• PROBLEM DESCRIPTION
The entries below hold a line with "2 Pieces 1:12" and a line with "Mounting the display". Return those lines and all that lie between them, exactly and only.

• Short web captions
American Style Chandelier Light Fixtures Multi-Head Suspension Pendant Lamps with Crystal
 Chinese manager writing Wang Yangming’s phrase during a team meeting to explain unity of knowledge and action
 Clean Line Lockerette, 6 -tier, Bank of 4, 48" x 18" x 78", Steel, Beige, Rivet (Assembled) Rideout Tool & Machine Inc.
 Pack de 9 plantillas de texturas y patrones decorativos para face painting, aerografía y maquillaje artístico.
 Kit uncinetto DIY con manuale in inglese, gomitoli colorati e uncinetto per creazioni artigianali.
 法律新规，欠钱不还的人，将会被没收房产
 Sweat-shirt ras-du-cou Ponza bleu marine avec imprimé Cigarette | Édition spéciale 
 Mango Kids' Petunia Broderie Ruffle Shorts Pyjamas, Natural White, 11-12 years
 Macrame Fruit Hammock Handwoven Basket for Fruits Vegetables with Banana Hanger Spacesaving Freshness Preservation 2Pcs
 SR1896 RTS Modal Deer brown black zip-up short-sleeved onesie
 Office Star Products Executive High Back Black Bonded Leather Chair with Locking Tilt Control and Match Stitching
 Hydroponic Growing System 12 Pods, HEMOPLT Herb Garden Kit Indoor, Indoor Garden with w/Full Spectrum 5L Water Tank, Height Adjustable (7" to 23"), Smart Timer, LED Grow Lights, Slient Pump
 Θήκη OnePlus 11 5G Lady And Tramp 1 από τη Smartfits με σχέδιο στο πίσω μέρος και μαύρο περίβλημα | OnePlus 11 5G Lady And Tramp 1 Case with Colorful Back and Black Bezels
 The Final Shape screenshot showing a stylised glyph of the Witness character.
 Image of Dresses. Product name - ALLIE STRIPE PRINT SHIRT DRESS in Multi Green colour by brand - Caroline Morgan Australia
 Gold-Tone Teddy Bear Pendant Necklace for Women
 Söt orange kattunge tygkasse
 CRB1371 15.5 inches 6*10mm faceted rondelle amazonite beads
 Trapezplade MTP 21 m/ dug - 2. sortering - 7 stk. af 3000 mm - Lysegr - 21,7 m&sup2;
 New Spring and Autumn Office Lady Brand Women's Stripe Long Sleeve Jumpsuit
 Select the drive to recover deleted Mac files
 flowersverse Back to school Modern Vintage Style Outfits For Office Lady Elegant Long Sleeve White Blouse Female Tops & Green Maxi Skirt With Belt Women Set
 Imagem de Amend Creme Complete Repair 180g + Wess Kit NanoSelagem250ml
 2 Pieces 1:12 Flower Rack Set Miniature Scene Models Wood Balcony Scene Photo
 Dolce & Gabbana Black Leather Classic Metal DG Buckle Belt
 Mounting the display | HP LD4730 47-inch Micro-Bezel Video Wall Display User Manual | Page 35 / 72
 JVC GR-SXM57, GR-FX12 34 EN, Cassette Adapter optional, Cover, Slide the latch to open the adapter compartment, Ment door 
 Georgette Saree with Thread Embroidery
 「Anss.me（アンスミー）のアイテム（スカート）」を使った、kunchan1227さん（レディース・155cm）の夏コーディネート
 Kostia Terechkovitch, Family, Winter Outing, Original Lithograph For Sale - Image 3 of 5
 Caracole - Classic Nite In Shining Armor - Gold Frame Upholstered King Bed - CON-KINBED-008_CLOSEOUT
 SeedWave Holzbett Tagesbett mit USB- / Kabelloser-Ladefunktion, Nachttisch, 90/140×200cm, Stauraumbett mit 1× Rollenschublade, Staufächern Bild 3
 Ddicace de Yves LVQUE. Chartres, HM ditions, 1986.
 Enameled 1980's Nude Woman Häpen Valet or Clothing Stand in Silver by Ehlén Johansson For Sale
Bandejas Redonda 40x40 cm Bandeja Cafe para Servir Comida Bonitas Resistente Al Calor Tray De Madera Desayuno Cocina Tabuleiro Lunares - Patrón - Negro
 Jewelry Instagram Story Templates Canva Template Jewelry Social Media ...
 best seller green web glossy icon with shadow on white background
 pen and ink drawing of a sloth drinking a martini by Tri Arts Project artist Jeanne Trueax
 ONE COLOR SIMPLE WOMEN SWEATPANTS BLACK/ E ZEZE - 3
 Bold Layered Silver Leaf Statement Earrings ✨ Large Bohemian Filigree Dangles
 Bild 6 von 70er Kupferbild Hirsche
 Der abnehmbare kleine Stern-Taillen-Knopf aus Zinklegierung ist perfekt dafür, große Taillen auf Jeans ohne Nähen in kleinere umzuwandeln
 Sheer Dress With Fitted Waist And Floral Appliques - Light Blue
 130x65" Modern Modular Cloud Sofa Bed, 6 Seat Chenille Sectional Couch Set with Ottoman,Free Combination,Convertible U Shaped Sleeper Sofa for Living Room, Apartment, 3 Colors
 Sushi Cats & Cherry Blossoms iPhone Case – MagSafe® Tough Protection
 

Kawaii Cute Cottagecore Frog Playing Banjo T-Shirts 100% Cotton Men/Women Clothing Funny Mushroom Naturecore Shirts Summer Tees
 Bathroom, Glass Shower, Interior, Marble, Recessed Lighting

• FINISHED EXERCISE
 2 Pieces 1:12 Flower Rack Set Miniature Scene Models Wood Balcony Scene Photo
 Dolce & Gabbana Black Leather Classic Metal DG Buckle Belt
 Mounting the display | HP LD4730 47-inch Micro-Bezel Video Wall Display User Manual | Page 35 / 72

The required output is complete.